Вернулся Виктор, привез медсестру. Робея под строгим взглядом профессорши, сестра тщательно вымыла руки и вместе с Эскиной прошла к Пашкевичу. Взяла кровь для анализа из пальца, из вены и, записав телефон, уехала.
Потянулись томительные минуты ожидания. Время от времени Лариса на цыпочках заходила в кабинет. Пашкевич ворочался на диване, негромко стонал во сне. Лицо у него стало красное, распаренное, похоже, поднялась температура.

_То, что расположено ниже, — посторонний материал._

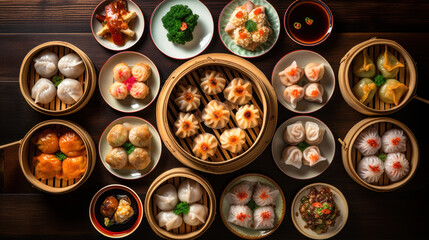 A dim sum is on Chinese tables and includes dumplings, steamed buns and other small dishes. - obrazy, fototapety, plakaty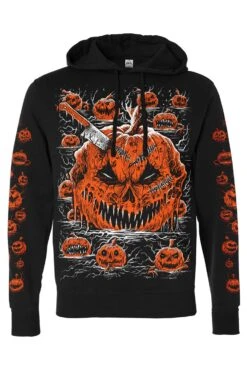 Possessed Pumpkin Patch Hoodie W/ Pumpkin Sleeves -Vampirefreaks Sale Store pumpPullover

Предчувствие беды, охватившее Ларису, когда она увидела Андрея на лестничной площадке, весь вечер разрасталось в ней. Он казался ей олицетворением жизненной силы, никогда не болел, она ни разу не видела его таким слабым и беспомощным. Только сейчас, слушая, как он стонет и бормочет какие-то бессвязные слова, Лариса с пугающей отчетливостью поняла, как он ей дорог. Наконец позвонила лаборантка. Рахиль Самуиловна внимательно слушала ее, прижав трубку к уху, и ее седые широкие брови шевелились, как мохнатые гусеницы.